━━ INPUT RECORDS

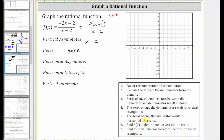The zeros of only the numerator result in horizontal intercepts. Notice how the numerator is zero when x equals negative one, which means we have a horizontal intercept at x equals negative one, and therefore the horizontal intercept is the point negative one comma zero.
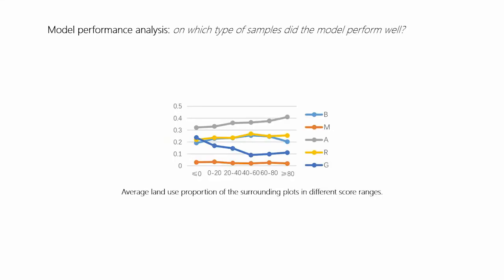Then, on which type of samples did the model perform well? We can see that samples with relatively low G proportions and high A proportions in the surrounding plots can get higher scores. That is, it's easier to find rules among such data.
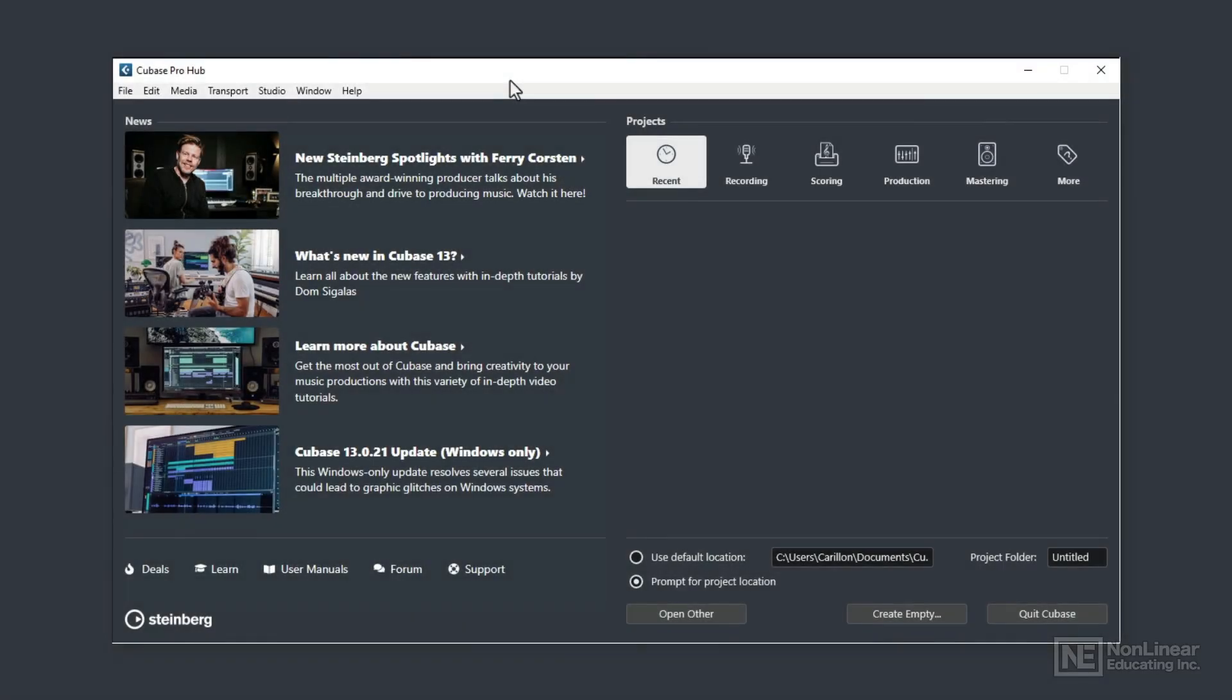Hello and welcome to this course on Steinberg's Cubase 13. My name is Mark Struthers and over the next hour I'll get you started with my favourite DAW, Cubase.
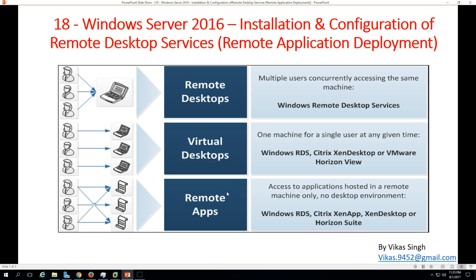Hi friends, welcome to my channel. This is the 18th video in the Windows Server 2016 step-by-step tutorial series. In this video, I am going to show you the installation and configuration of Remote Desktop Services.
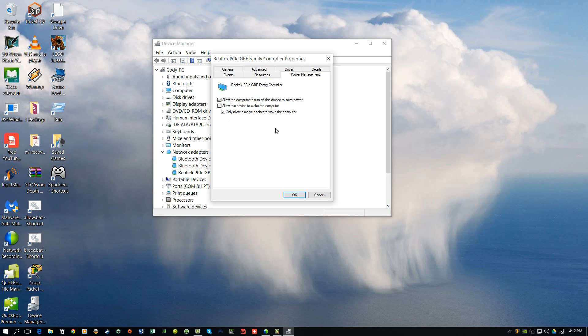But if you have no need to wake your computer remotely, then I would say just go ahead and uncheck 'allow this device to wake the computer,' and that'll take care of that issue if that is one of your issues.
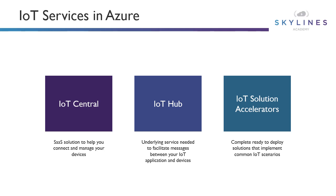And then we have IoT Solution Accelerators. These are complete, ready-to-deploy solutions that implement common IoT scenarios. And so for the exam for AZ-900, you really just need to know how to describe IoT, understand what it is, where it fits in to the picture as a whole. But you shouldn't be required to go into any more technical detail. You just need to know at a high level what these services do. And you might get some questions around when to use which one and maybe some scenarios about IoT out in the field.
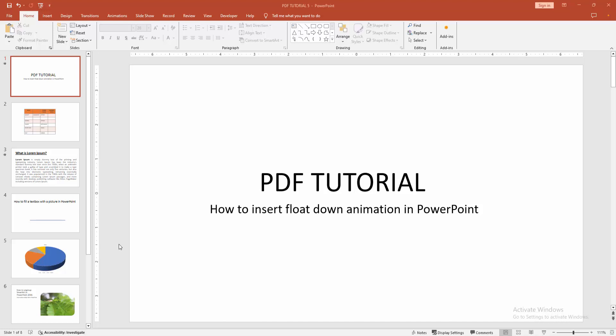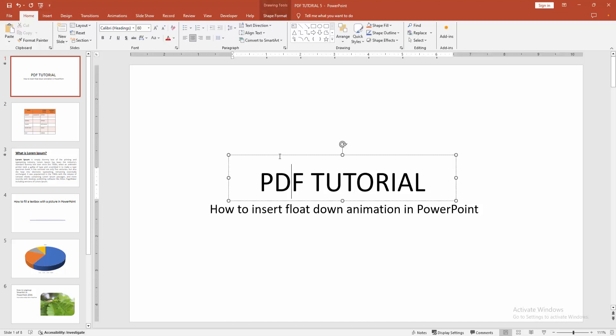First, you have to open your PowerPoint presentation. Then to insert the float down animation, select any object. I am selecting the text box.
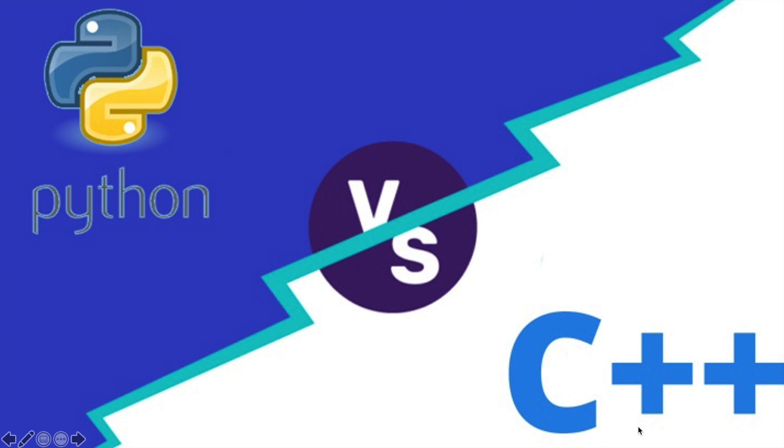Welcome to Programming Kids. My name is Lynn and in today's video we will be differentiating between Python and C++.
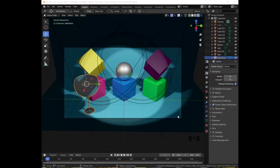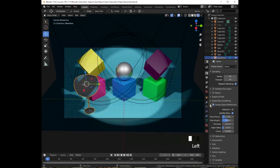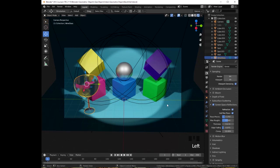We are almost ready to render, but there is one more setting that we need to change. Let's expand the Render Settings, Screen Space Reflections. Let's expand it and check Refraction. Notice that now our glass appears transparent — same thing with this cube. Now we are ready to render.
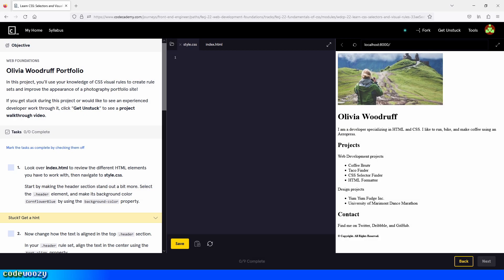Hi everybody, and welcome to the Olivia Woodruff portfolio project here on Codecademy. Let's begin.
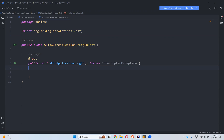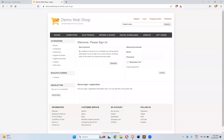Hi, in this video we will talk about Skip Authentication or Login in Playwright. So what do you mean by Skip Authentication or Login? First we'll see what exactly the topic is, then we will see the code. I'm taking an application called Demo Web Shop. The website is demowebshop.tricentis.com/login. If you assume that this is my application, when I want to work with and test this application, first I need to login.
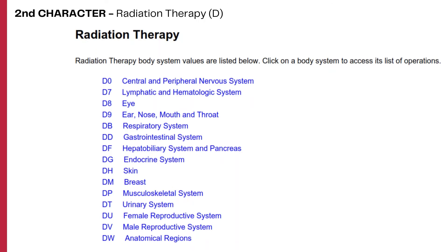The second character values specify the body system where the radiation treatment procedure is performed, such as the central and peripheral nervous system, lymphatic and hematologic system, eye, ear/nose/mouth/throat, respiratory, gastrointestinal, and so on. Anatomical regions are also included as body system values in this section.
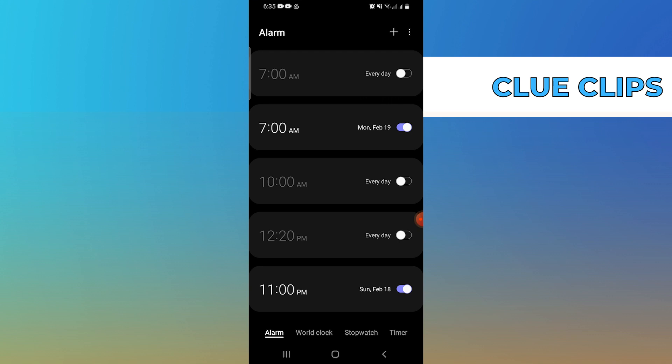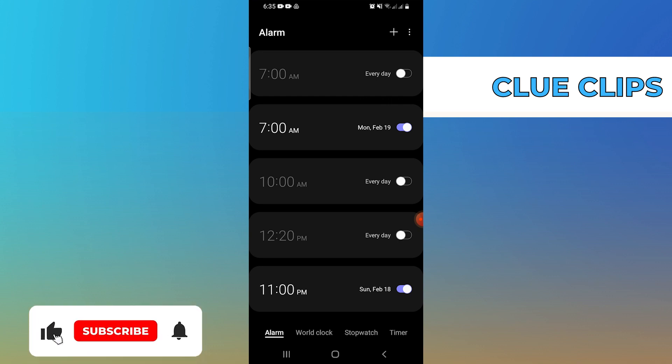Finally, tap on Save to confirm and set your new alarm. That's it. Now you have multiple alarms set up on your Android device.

━━━━
━━ INPUT RECORDS

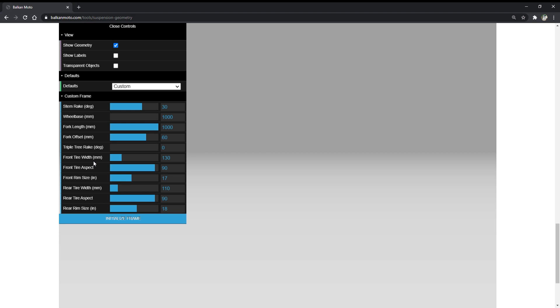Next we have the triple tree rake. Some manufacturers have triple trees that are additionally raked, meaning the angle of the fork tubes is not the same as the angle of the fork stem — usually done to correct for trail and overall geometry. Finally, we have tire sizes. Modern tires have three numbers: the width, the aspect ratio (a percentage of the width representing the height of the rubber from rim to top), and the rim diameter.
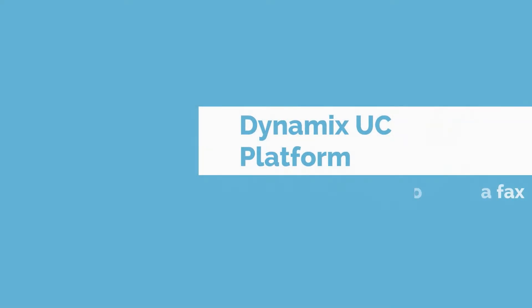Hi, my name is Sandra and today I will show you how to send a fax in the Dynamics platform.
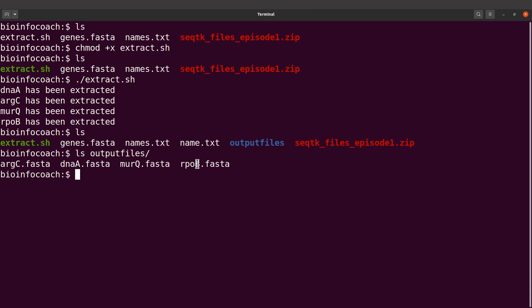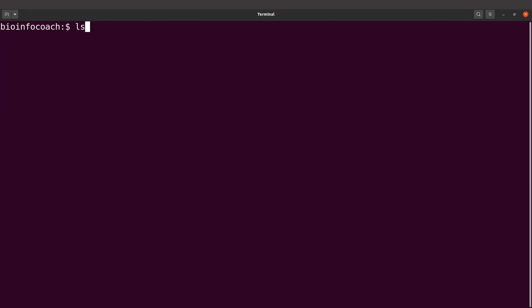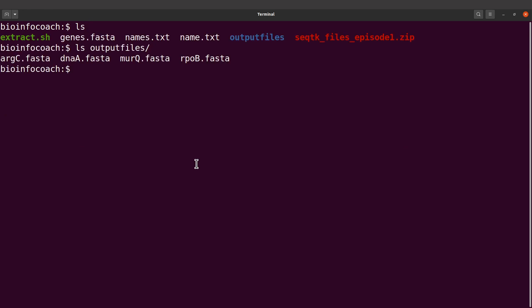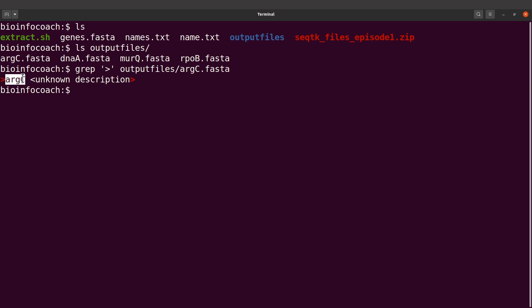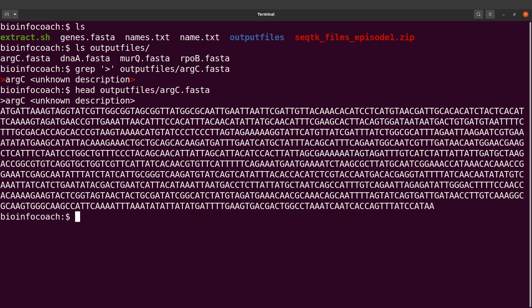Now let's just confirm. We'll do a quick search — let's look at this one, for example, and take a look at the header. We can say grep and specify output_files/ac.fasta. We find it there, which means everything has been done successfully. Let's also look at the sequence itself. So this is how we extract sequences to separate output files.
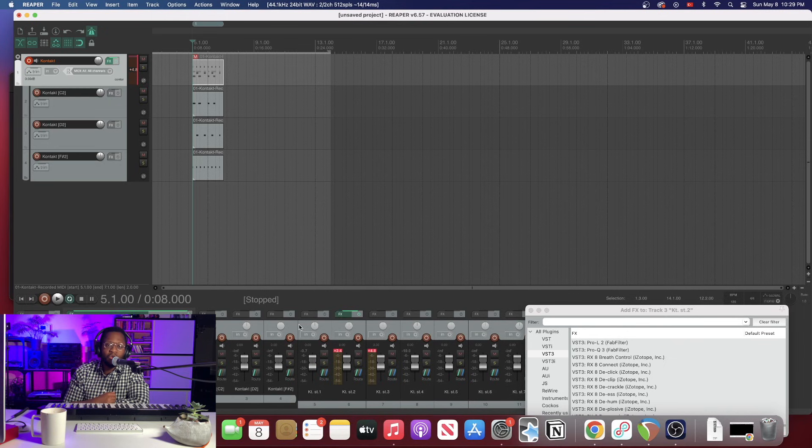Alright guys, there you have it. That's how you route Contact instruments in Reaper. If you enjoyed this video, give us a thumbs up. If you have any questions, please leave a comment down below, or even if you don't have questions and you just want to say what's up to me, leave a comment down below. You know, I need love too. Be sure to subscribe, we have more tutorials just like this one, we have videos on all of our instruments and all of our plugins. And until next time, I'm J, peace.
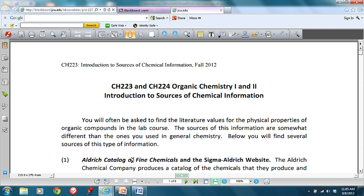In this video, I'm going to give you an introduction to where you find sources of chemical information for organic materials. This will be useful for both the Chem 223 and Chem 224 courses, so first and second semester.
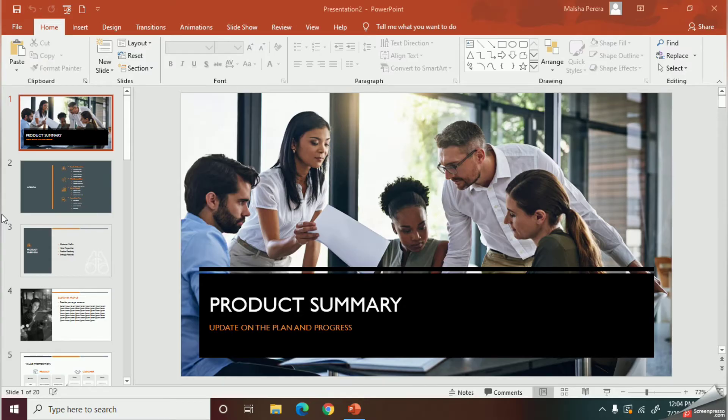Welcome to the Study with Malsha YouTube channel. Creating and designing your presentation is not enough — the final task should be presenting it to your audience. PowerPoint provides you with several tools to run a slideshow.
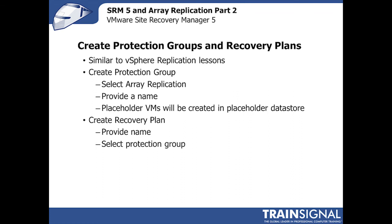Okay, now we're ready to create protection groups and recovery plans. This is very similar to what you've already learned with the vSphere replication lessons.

━━━━

→ WORK TO COMPLETE
When you reach the line with "The zeros of" in the records above, start writing out each line exactly, and stop after the line with "Hello and welcome". Pictures stay out.

→ RESPONSE TO THIS TASK
The zeros of only the numerator result in horizontal intercepts. Notice how the numerator is zero when x equals negative one, which means we have a horizontal intercept at x equals negative one, and therefore the horizontal intercept is the point negative one comma zero.
Then, on which type of samples did the model perform well? We can see that samples with relatively low G proportions and high A proportions in the surrounding plots can get higher scores. That is, it's easier to find rules among such data.
Hello and welcome to this course on Steinberg's Cubase 13. My name is Mark Struthers and over the next hour I'll get you started with my favourite DAW, Cubase.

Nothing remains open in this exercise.